ENTRIES SUPPLIED —

....

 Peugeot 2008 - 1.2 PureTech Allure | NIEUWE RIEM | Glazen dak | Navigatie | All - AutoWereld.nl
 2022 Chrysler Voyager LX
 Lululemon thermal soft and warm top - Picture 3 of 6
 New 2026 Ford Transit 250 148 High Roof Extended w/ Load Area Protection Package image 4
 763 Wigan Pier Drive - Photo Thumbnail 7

....

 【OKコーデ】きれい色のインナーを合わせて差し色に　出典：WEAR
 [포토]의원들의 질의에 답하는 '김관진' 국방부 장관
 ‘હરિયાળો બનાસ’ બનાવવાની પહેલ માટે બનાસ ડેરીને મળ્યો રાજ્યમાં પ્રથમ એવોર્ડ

....

Return only the stretch of the material above from the line holding "[포토]의원들의 질의에 답하는 '김관진' 국방부 장관" through the line holding "રાજ્યમાં પ્રથમ એવોર્ડ", copied exactly.

 [포토]의원들의 질의에 답하는 '김관진' 국방부 장관
 ‘હરિયાળો બનાસ’ બનાવવાની પહેલ માટે બનાસ ડેરીને મળ્યો રાજ્યમાં પ્રથમ એવોર્ડ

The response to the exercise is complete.